Survey of scope of neonatal screening in the United KingdomBMJ 1995; 311 doi: https://doi.org/10.1136/bmj.311.7007.726 (Published 16 September 1995) Cite this as: BMJ 1995;311:726
- Allison Streetly, senior registrara,
- Carol Grant, research assistantb,
- R J Pollitt, directorc,
- G M Addison, chairmand
- aDepartment of Public Health Medicine, United Medical and Dental Schools of Guy's and St Thomas's Hospital, St Thomas's Hospital, London SE1 7EH
- bLambeth, Southwark and Lewisham Health Commission, London SE1 7RJ
- cTrent Regional Screening Laboratory, Sheffield Children's Hospital, Sheffield S10 2TH
- dNational Committee of Directors of Neonatal Screening Laboratories, Royal Manchester Children's Hospital, Manchester M27 1HA
- Correspondence to: Dr Streetly.
- Accepted 29 June 1995
The national neonatal screening programme for phenylketonuria was established in 1969, with screening for congenital hypothyroidism being added in 1981. The aim of the programme is to reduce morbidity by complete and timely detection and treatment of affected cases.
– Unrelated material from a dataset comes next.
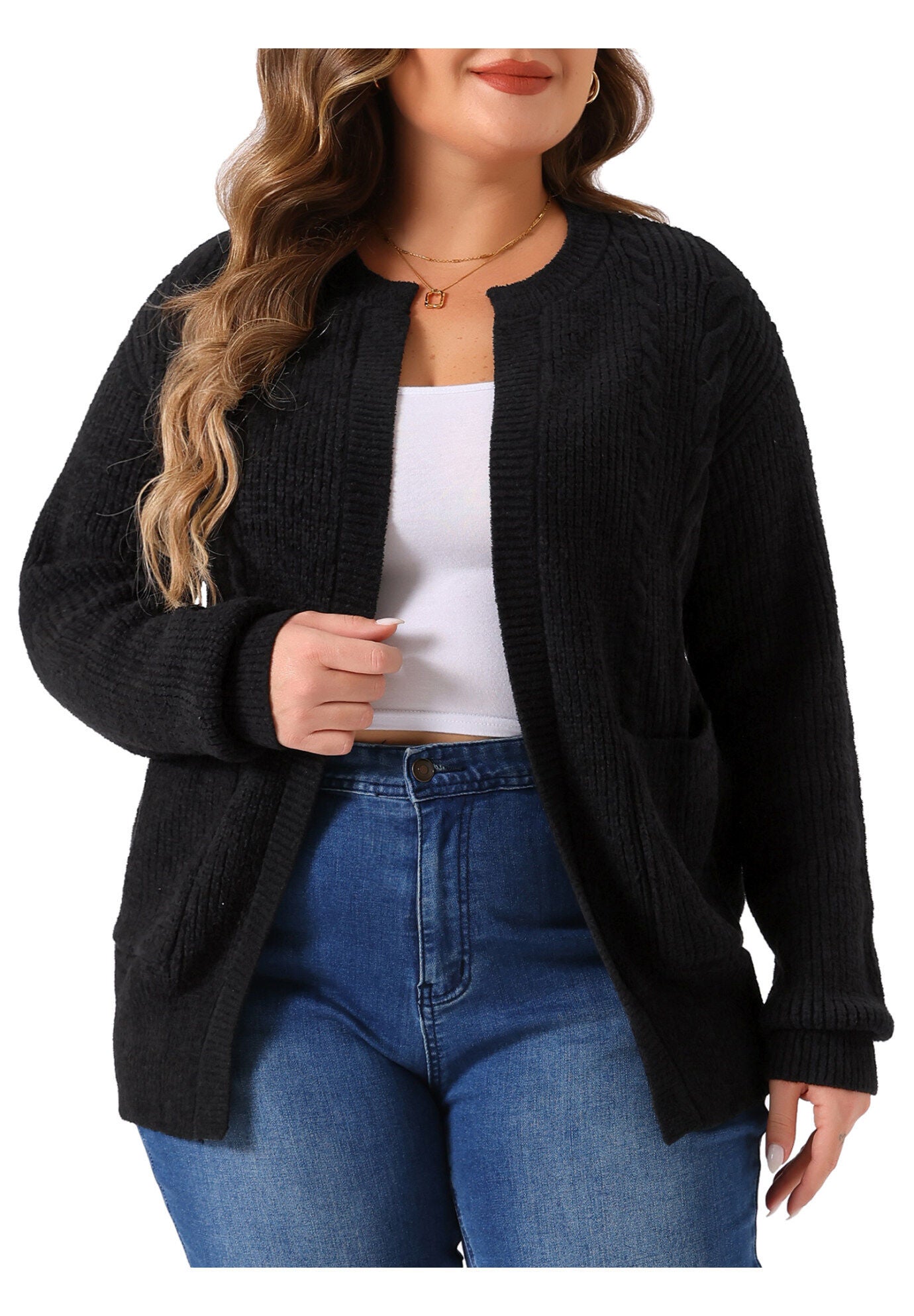 Long Sleeve Crew Neck Knit Cardigan Sweaters with Pockets, Black / Black, alternate image number 2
Scientific developments mean that many other disorders can be screened for.1 The extent of screening in the United Kingdom is uncertain and not all proposed screening programmes meet, or have been formally assessed against, the criteria of suitability.2 Also, the loss of regional responsibility for overview of programmes may result in district based decisions about the purchase of screening programmes in the future.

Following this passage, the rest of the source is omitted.